Following the launch failure, Intelsat commissioned NASA to launch a replacement perigee motor to raise the satellite's orbit. During its maiden flight, STS-49, in 1992 rendezvoused with and captured Intelsat 603, and astronauts attached a new Orbus-21S to the satellite. This motor successfully raised the satellite into the planned transfer orbit.
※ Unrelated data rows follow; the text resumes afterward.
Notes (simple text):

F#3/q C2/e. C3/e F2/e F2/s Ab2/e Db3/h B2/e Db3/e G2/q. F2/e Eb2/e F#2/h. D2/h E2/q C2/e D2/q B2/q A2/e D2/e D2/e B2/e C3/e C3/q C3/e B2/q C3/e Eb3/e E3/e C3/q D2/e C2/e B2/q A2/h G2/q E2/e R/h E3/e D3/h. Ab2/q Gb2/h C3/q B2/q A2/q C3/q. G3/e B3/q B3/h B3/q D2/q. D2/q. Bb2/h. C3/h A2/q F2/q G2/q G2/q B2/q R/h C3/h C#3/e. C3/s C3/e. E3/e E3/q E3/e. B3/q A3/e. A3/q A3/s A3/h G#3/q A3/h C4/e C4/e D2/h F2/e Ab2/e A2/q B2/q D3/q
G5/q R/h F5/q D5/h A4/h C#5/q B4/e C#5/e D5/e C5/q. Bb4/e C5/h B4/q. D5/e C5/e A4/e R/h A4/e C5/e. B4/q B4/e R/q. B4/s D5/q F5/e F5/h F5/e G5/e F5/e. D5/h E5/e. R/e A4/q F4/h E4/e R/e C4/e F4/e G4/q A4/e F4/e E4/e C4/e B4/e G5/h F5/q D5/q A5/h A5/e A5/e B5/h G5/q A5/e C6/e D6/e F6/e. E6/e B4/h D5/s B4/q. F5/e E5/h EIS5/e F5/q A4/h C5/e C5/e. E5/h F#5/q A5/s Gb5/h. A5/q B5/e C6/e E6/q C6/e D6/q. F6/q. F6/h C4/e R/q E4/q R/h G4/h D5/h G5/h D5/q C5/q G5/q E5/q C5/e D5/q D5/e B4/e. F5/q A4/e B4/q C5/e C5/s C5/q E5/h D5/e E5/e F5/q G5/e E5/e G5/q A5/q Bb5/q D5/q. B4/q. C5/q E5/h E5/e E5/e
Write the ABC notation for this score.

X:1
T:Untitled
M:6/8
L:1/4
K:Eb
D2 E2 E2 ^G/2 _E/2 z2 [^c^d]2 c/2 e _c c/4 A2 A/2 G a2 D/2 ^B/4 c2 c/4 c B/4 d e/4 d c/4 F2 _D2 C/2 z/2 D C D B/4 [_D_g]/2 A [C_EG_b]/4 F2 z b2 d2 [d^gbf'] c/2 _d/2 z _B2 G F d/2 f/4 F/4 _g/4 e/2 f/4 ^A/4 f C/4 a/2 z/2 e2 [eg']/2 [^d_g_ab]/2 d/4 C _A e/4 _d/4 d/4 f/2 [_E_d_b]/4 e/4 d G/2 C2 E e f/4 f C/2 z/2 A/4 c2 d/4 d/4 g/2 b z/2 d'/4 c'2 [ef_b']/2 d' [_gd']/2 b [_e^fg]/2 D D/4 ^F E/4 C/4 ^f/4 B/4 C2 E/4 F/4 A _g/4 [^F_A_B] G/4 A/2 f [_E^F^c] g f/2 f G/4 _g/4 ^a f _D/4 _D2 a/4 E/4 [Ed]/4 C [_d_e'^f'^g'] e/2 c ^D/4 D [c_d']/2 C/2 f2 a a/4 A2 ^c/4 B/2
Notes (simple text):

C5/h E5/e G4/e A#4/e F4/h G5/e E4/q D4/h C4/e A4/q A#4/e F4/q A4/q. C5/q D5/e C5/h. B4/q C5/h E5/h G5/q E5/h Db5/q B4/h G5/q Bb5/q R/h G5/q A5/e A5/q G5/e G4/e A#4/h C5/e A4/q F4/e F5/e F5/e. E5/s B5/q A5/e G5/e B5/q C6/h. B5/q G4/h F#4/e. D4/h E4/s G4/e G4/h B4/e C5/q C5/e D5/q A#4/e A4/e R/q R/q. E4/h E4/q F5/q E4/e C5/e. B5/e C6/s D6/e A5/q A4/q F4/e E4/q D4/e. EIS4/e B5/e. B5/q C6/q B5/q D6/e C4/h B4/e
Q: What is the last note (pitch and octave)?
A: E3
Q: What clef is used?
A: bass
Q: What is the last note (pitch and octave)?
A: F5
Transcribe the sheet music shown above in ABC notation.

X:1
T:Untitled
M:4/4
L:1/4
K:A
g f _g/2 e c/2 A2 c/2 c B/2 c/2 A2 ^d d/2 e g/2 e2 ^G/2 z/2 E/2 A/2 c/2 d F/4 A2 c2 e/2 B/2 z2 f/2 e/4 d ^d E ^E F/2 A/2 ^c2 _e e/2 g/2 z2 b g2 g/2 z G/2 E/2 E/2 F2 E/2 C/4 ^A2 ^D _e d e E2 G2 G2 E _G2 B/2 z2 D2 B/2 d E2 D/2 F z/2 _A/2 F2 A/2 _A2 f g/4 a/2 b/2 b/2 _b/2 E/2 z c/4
The satellite raised itself into its final geostationary orbit using two liquid-fuelled R-4D-12 engines, with the satellite arriving in geostationary orbit on 21 May 1992.

==Operations==
Intelsat 603 operated in a geostationary orbit with a perigee of 35776 km, an apogee of 35797 km, and 0.3 degrees of inclination. The satellite carried 38 IEEE C band and ten IEEE transponders, and had a design life of 13 years and a mass of 4215 kg.

Upon arrival in geostationary orbit, Intelsat 603 was placed at a longitude of 34.5 degrees west. It remained there until October 1997, when it was moved to 24.5 degrees west, arriving in November. In August 2002 it was relocated to 19.95 degrees west, where it operated until March 2010. Finally from May 2010 it operated at 11.5 degrees east until it was removed from geostationary orbit in January 2013.

Intelsat confirmed in February 2015 that Intelsat 603 had been retired to a graveyard orbit.